Como almocei todos os dias no restaurante do trabalho - por motivos de: não ter um carro, nem capital suficiente para frequentar um legítimo restaurante vegano - fiquei à mercê do estoque e da imaginação da nutricionista da firma. Ao longo da semana, pedi somente a opção “dieta”, porque era mais nutritiva – tem até arroz integral- e vinha mais opções de mistura. Sim, comi demais.
Comi tanto que até me senti enjoada.
E esse era o momento de experimentar comidinhas novas. Algumas, até gostei; por exemplo, a abóbora e a prima dela, a abobrinha. Já a berinjela... paguei meus pecados levando isso para o meu estômago. Mas, acredito que a pior parte mesmo foi tirar a foto dos pratos.
Sério, por mais que eu seja muito “cara de pau”(reconheço), tirar o celular do bolso e clicar a refeição do dia, como uma vlogueira – aliás, têm o meu máximo respeito demais dessa semana- foi torturante. Que vergonha, que vontade de cavar um buraco e esconder meu rosto lá e só desenterrar no final da semana.

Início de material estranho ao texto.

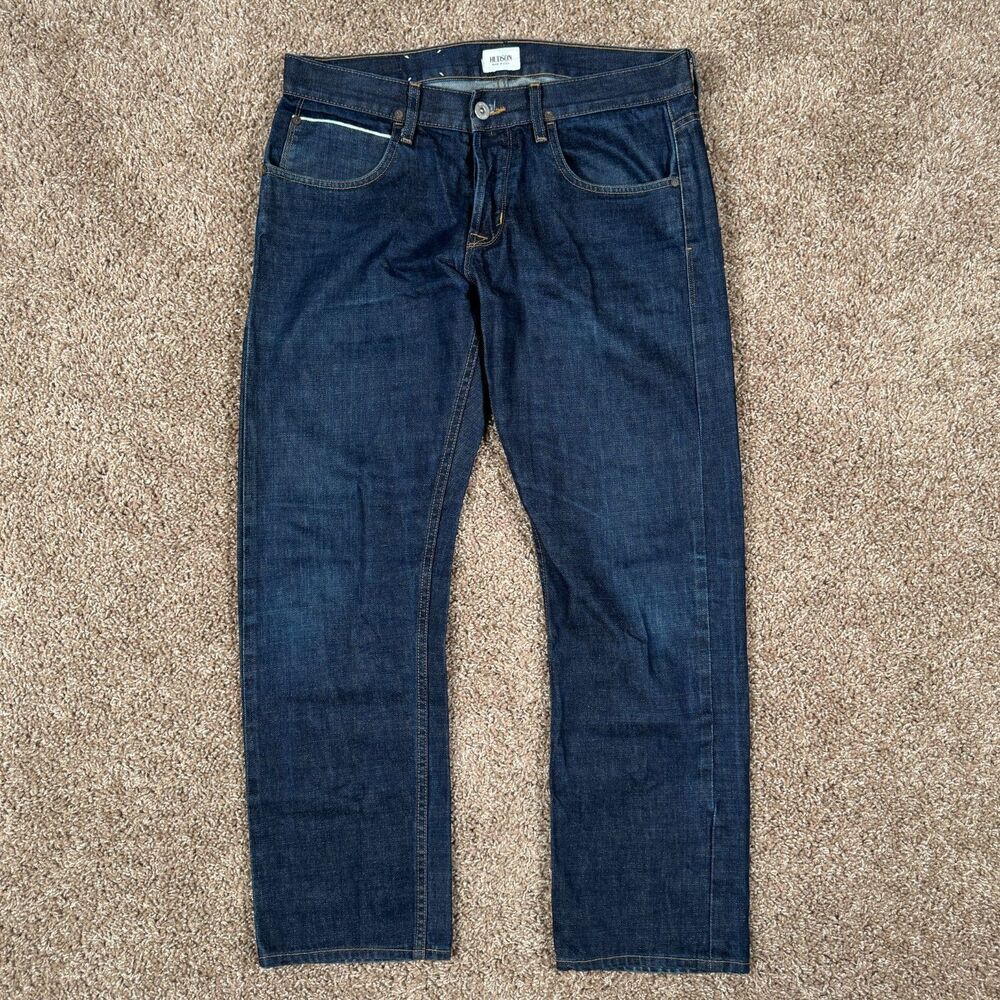 Hudson Jeans Mens 34x29 Blue Byron Selvage Straight Button Fly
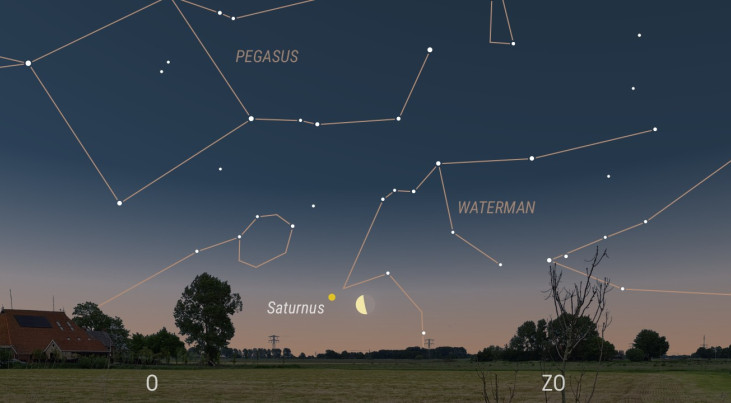 31 mei: Saturnus nog dichter bij halve maan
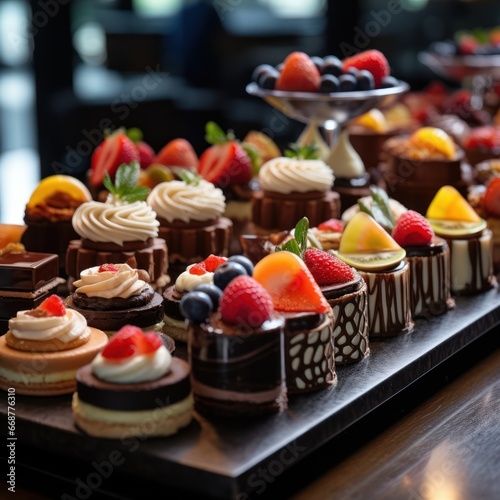 Tempting dessert spread showcases mouthwatering treats.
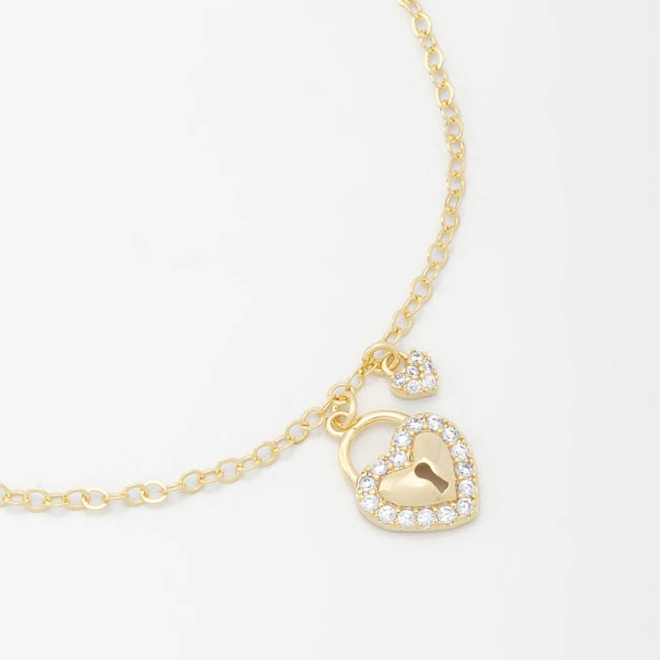 PU-00702 PULSEIRA DE CORAÇÃO EM ZIRCÔNIAS E DETALHE DE CHAVE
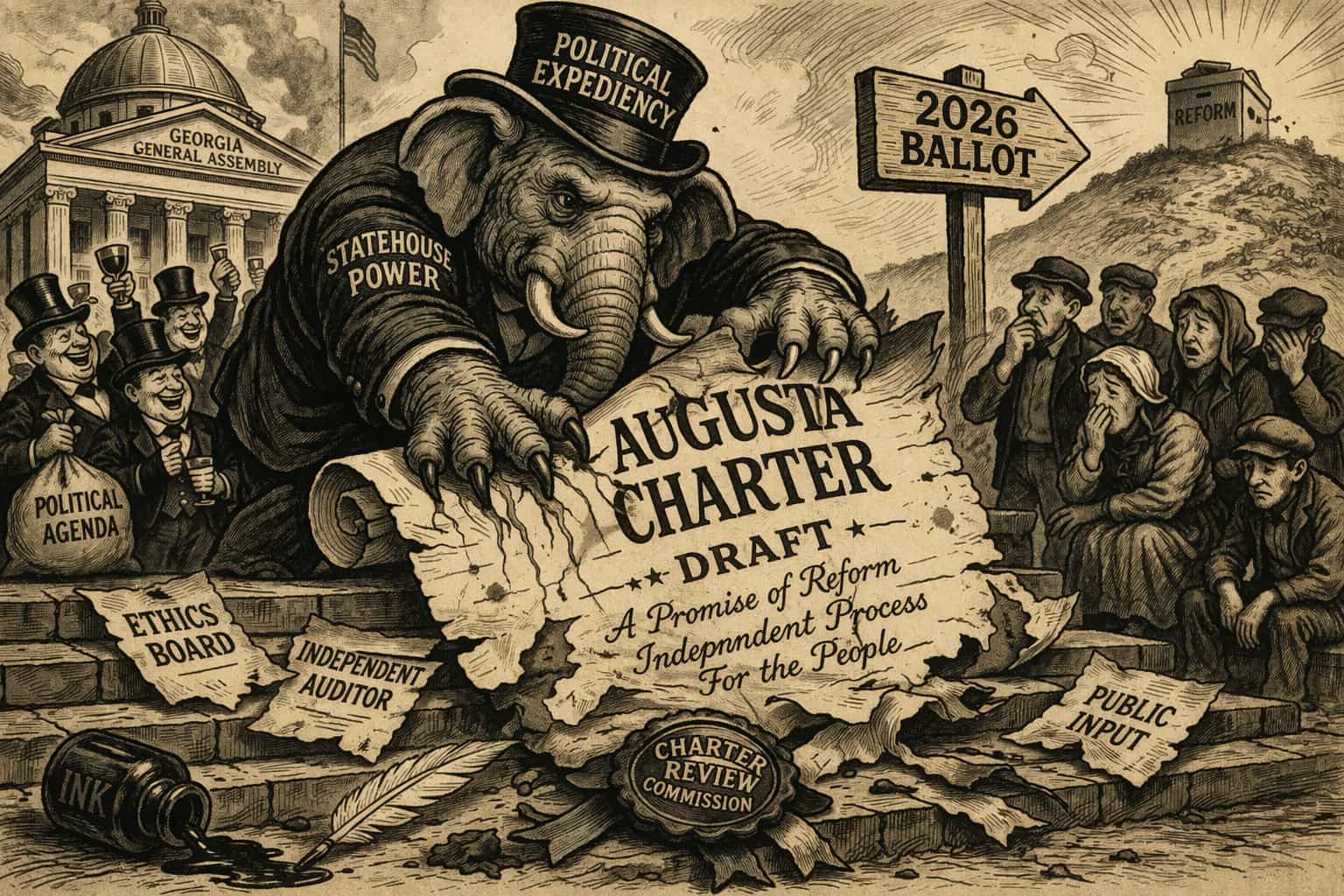 19th century political cartoon showing Augusta charter reform being destroyed by political interests at the Georgia General Assembly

Para finalizar o dia, só afirmo que: não passei fome. Como eu comia a cada três horas - meu relógio biológico apitava- não sentia uma vontade avassaladora de me alimentar. Nem tive fraqueza. Comia mesmo: santa marmita com frutas e snaks que não me deixou na mão! Planejamento é t-u-d-o, não?
Dia 2
Pensei: “se sobrevivi ao 1º dia, o segundo será tranquilo”. E realmente foi. Segui a rotina do dia anterior. A diferença, que comecei a notar já na segunda-feira à noite, foi o sentimento de leveza. Passei a perceber uma sensação de desinchaço muito grande. Na barriga, nos braços... Meu rosto que o diga: até ele foi afetado. Minhas espinhas diminuíram e os cravinhos também. Não tanto, mas era possível notar algo de singular.

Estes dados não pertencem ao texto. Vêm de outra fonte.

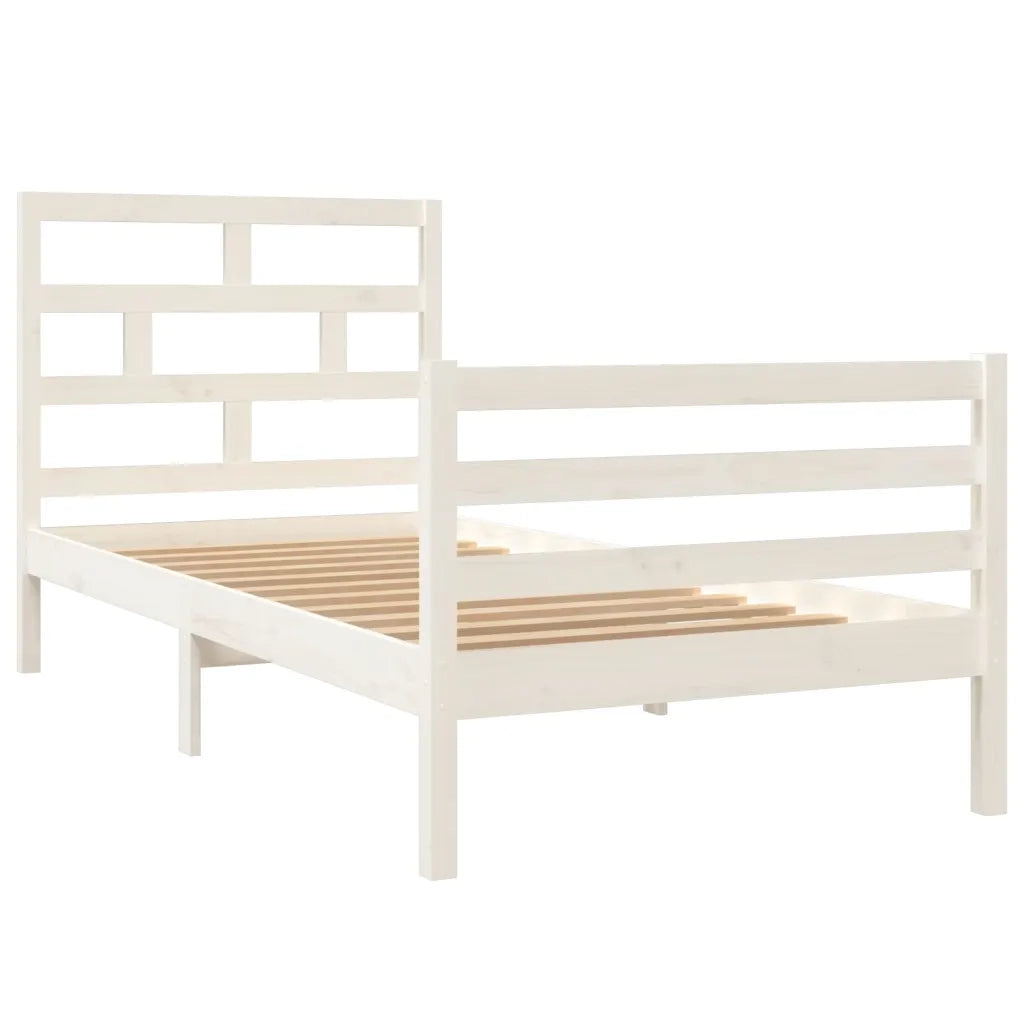 Giroletto-Struttura Letto in Legno Massello di Pino Bianco 90x200 cm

Acreditei que meu corpo pediria leite, manteiga, queijo... Mas, não. Tanto no trabalho, com várias matérias para produzir, quanto na faculdade, com apresentação de texto no dia seguinte, não recorri a comida para sanar a ansiedade nem o stress.

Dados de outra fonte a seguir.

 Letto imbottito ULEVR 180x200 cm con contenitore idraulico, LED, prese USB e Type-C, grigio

Resumo do dia: ok. E dormi com o seguinte pensamento na cabeça: não é que não estou surtando? Se pensar bem, já tinha algumas refeições veganas e não percebia: no café da manhã, comia às vezes pão de sal ou integral com geleia e uma caneca de chá preto. No almoço, seguia o cardápio da firma – e sim, tem opções, apesar de alguns legumes terem se repetido. À tarde, comia frutas, snaks ou combo banana+granola. E à noite, tapioca com alguma coisa ou pão com alguma coisa. Enfim, não passei fome.
Diferentemente de ontem, não mantive a compostura. Não mesmo. Uma correria sem fim, na firma e na faculdade, mas calma: não ingeri nenhum derivado de bichinhos.
Comi de manhã meu combo sagrado, banana + granola, e novamente, resisti a tentação do pão de queijo na cobertura de um evento da firma. No almoço, passei pela maravilhosa sensação de não ter que tirar foto do meu prato por dois motivos: a gerente da minha área, a qual vejo pontualmente, estava na mesa (não queria que ela pensasse o quão doida eu era). E segui para o lado contrário, no restaurante, de onde costumo comer, onde é mais povoado e barulhento. Sou estagiária e universitária, mas ainda preservo a minha dignidade.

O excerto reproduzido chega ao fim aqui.